Bildungsforscher lobt Entwicklung der Bremer Schulen und kann wenig mit Kritik am PISA-System anfangen

Allerdings: Durchs PISA-Raster fallen die Kinder an den Förderschulen

Über Lehrermangel konnte sich Olaf Köller bei seiner Einschätzung der Bremer PISA-Ergebnisse nicht beschweren. Im gut gefüllten Rathaussaal wollten vor allem viele Pädagogen zuhören. Der Direktor des Instituts zur Qualitätsentwicklung im Bildungswesen (IQB) zog Bilanz.

Sie fiel positiv aus, obwohl Bremen auch im dritten Ländervergleich den letzten Platz belegt. Dennoch seien die Abstände in allen drei getesteten Bereichen – Naturwissenschaften, Mathematik und Lesen – kleiner geworden, so Köller. Besonders auffällig: im Vergleich zur ersten Datenerhebung von 2000 gebe es in Bremen deutlich weniger Schüler mit verzögerter Schullaufbahn. Köller führt diese Entwicklung auf abnehmende Schülerzahlen zurück. Dadurch seien die Schulen eher interessiert, versetzungsgefährdete Schüler mitzunehmen und frühzeitig zu fördern.
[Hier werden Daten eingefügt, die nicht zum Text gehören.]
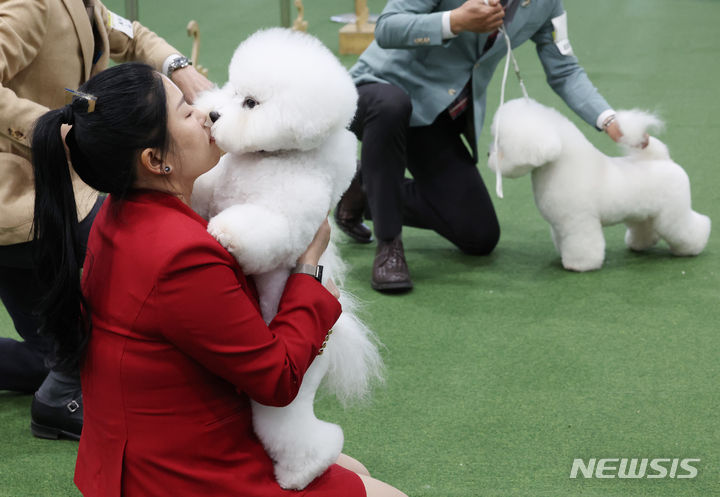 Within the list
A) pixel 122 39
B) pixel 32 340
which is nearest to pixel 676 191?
pixel 122 39

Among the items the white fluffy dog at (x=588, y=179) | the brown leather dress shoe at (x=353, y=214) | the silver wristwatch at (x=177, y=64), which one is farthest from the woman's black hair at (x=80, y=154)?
the brown leather dress shoe at (x=353, y=214)

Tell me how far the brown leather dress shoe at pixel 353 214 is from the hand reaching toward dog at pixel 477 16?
0.62 metres

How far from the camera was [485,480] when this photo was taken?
159cm

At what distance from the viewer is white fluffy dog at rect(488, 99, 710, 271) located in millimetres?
2348

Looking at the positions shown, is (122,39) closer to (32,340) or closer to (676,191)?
(32,340)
Die PISA-Ergebnisse seien als Ansporn zu verstehen, sich weiter zu bemühen. Schließlich gebe es erheblichen Raum nach oben. Ein großes Problem stelle nach wie vor die Situation der Kinder und Jugendlichen mit Migrationshintergrund dar. Neben einer gezielten Sprachförderung sei dafür eine ausgewogene Zusammensetzung der Klassen gefragt. Die Probleme der Schüler dürften nicht durch eine integrationshemmende Lernatmosphäre gefördert werden. Einer „Migranten-Quote“ erteilte der IQB-Chef dennoch eine Absage.

Im bundesweiten Vergleich müssten die unterschiedlichen Ausgangsbedingungen berücksichtigt werden. Obwohl die Chancen von Arbeiterkindern, das Gymnasium zu besuchen bundesweit gestiegen seien, wirke sich das Einkommen der Eltern noch immer deutlich auf die Bildungssituation aus.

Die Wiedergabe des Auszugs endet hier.